NEW YORK — R&B star R. Kelly was sentenced to 30 years in prison Wednesday for using his superstardom to subject young fans — some just children — to systematic sexual abuse.
55 year old singer and songwriter was convicted last year of racketeering as well as sex traficking. The trial provided a voice for accusers who were once wondering if their stories were being forgotten because they are Black women.
U.S. District Judge Ann Donnelly imposed the sentence after hearing from several survivors who attested to how Kelly’s exploitation reverberated across their lives.
“You made me do things that broke my spirit. I literally wished I would die because of how low you made me feel,” said one unnamed survivor, directly addressing a Kelly who kept his hands folded and his eyes downcast. “Do you remember that?”
Kelly was not present at the court.
Learn More The Complete Timeline of Sexual Abuse Claims Against R. Kelly
This sentence sums up Kelly’s slow fall. Kelly was loved by millions and sold millions of albums, even though there were allegations of his sexual abuse of young girls.
Widespread outrage over Kelly’s sexual misconduct didn’t come until the #MeToo reckoning, reaching a crescendo after the release of the docuseries R. Kelly: Surviving.
Kelly’s lawyers had argued he should get no more than 10 years in prison because he had a traumatic childhood “involving severe, prolonged childhood sexual abuse, poverty, and violence.”
As an adult with “literacy deficiencies,” the star was “repeatedly defrauded and financially abused, often by the people he paid to protect him,” his lawyers said.
The hitmaker is known for work including the 1996 hit “I Believe I Can Fly” and the cult classic The Closet is the Place to BeThis is a multi-part tale about sexual betrayal, intrigue, and more.
Kelly was accused of abusing young girls. This allegation first became public in the 1990s. In 1997, a young woman filed a lawsuit against Kelly alleging sexual battery and harassment. Later, he was charged with child pornography for an incident involving a Chicago-area girl. He was acquitted by the jury in 2008.

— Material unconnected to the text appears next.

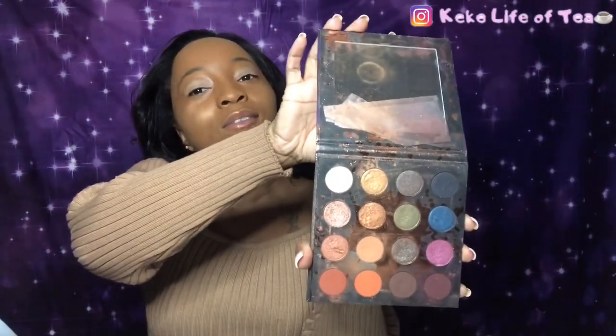Now we're going to put on my eyeshadow, which is the Perception palette from Makeup Shayla with ColourPop — as you can see I use it a lot. I'm going to use this color, this color, this color, and this color, then top it off with the gold. Let's get started.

Kelly was able to continue selling millions of albums.
After hearing that he had used his entourage managers and aides in order to meet and maintain the obedience of girls, prosecutors convicted him.
Kelly, born Robert Sylvester Kelly, used his “fame, money and popularity” to systematically “prey upon children and young women for his own sexual gratification,” prosecutors wrote in a court filing earlier this month.
Kelly was accused of a variety of perverse and sadistic acts when Kelly was underage.
The accusers alleged they were ordered to sign nondisclosure forms and were subjected to threats and punishments such as violent spankings if they broke what one referred to as “Rob’s rules.”
Many said that they thought the tapes of their sex were going to be used against them, if they revealed what was being done.
Kelly, who was accused of giving herpes to multiple people, without telling anyone, coerced an 18-year old boy to have sex with him and a naked girl, emerged from under a garage boxing ring, shot a shameful video in which one victim was seen smearing his feces all over her face.
Kelly denies any wrongdoing. He didn’t testify at his trial, but his then-lawyers portrayed his accusers as girlfriends and groupies who weren’t forced to do anything against their will and stayed with him because they enjoyed the perks of his lifestyle.
Evidence also was presented about a fraudulent marriage scheme hatched to protect Kelly after he feared he had impregnated R&B phenom Aaliyah in 1994 when she was just 15. Witnesses stated that Kelly married her in matching jogging pants using a license which falsely listed his age at 18 while she was actually 27.
Kelly wrote and produced Aaliyah’s 1994 debut album. Age Ain’t Nothing But A Number.At 22 years old, she was killed in an airplane crash.
An earlier defense memo suggested prosecutors’ arguments for a higher sentence overreached by falsely claiming Kelly participated in the paying of a bribe to a government official in order to facilitate the illegal marriage.
Unless someone comes forward, The Associated Press won’t name anyone who says they were sexually abused or assaulted. The women who spoke at Kelly’s sentencing were identified only by first names or pseudonyms.
Kelly was jailed indefinitely since 2019. He’s still facing child pornography and obstruction of justice charges in Chicago, where a trial is scheduled to begin Aug. 15.
Journalists of the Associated Press Jennifer PeltzAnd Ted Shaffrey contributed.